▸ **WHAT NEEDS TO BE DONE**: Output range, inclusive: from the line containing "Белый Рено Мастер, объемом" to the line containing "Used 2024 Jeep Wagoneer L Series II image 2". Restate those lines from the data below word for word and only those.

▸ **WORKING DATA**:

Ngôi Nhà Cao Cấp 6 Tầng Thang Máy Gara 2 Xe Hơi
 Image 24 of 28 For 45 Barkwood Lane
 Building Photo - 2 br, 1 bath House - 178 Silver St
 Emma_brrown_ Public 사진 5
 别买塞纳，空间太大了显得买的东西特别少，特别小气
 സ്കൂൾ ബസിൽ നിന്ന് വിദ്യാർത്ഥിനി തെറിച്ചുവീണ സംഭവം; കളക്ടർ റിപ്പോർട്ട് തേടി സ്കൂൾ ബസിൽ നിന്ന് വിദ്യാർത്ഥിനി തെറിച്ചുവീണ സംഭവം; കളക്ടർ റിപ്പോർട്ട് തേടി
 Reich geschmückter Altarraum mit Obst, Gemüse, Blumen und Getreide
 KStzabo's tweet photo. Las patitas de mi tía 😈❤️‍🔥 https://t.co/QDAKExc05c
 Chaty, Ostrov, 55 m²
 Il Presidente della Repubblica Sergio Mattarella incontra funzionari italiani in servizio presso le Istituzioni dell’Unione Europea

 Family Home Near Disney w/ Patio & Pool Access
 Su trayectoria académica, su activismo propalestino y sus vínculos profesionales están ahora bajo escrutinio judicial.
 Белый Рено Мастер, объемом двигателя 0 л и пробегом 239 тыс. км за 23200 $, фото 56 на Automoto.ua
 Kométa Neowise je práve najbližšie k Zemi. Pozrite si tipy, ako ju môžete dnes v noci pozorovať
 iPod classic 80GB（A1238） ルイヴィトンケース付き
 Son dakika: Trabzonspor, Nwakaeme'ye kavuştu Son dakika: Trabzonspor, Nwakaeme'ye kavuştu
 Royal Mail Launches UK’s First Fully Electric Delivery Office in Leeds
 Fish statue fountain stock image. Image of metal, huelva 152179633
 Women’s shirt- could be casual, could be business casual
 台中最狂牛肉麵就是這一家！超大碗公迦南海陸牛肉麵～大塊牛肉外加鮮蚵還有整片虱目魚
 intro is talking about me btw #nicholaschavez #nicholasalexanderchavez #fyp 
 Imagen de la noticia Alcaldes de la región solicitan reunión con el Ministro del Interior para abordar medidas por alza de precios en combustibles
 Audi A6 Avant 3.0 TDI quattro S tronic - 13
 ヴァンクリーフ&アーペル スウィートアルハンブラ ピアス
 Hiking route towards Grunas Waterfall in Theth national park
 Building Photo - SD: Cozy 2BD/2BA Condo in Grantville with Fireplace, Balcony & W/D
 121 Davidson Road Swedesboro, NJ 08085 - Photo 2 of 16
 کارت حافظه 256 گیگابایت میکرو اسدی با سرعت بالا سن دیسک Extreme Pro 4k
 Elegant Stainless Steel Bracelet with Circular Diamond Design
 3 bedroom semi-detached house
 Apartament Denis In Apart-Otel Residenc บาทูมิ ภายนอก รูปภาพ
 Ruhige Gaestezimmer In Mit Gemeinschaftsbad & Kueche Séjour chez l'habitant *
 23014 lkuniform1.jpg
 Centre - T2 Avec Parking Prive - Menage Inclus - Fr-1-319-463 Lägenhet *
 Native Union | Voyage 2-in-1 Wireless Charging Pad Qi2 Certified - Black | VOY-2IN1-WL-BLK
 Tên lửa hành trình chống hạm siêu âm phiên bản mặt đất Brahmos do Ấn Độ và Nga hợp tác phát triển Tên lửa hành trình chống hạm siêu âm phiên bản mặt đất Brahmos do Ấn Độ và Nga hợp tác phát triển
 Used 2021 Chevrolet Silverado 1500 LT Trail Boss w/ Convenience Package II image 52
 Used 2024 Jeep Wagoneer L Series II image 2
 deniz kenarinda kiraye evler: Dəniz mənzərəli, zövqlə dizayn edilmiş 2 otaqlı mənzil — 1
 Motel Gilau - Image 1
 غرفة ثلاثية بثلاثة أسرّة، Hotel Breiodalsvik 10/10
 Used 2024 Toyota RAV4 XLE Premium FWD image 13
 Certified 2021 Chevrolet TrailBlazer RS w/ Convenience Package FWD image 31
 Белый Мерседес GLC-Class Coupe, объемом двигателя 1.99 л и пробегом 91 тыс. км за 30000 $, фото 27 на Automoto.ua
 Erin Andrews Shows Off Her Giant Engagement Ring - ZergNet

▸ **WRITTEN RESPONSE**:
 Белый Рено Мастер, объемом двигателя 0 л и пробегом 239 тыс. км за 23200 $, фото 56 на Automoto.ua
 Kométa Neowise je práve najbližšie k Zemi. Pozrite si tipy, ako ju môžete dnes v noci pozorovať
 iPod classic 80GB（A1238） ルイヴィトンケース付き
 Son dakika: Trabzonspor, Nwakaeme'ye kavuştu Son dakika: Trabzonspor, Nwakaeme'ye kavuştu
 Royal Mail Launches UK’s First Fully Electric Delivery Office in Leeds
 Fish statue fountain stock image. Image of metal, huelva 152179633
 Women’s shirt- could be casual, could be business casual
 台中最狂牛肉麵就是這一家！超大碗公迦南海陸牛肉麵～大塊牛肉外加鮮蚵還有整片虱目魚
 intro is talking about me btw #nicholaschavez #nicholasalexanderchavez #fyp 
 Imagen de la noticia Alcaldes de la región solicitan reunión con el Ministro del Interior para abordar medidas por alza de precios en combustibles
 Audi A6 Avant 3.0 TDI quattro S tronic - 13
 ヴァンクリーフ&アーペル スウィートアルハンブラ ピアス
 Hiking route towards Grunas Waterfall in Theth national park
 Building Photo - SD: Cozy 2BD/2BA Condo in Grantville with Fireplace, Balcony & W/D
 121 Davidson Road Swedesboro, NJ 08085 - Photo 2 of 16
 کارت حافظه 256 گیگابایت میکرو اسدی با سرعت بالا سن دیسک Extreme Pro 4k
 Elegant Stainless Steel Bracelet with Circular Diamond Design
 3 bedroom semi-detached house
 Apartament Denis In Apart-Otel Residenc บาทูมิ ภายนอก รูปภาพ
 Ruhige Gaestezimmer In Mit Gemeinschaftsbad & Kueche Séjour chez l'habitant *
 23014 lkuniform1.jpg
 Centre - T2 Avec Parking Prive - Menage Inclus - Fr-1-319-463 Lägenhet *
 Native Union | Voyage 2-in-1 Wireless Charging Pad Qi2 Certified - Black | VOY-2IN1-WL-BLK
 Tên lửa hành trình chống hạm siêu âm phiên bản mặt đất Brahmos do Ấn Độ và Nga hợp tác phát triển Tên lửa hành trình chống hạm siêu âm phiên bản mặt đất Brahmos do Ấn Độ và Nga hợp tác phát triển
 Used 2021 Chevrolet Silverado 1500 LT Trail Boss w/ Convenience Package II image 52
 Used 2024 Jeep Wagoneer L Series II image 2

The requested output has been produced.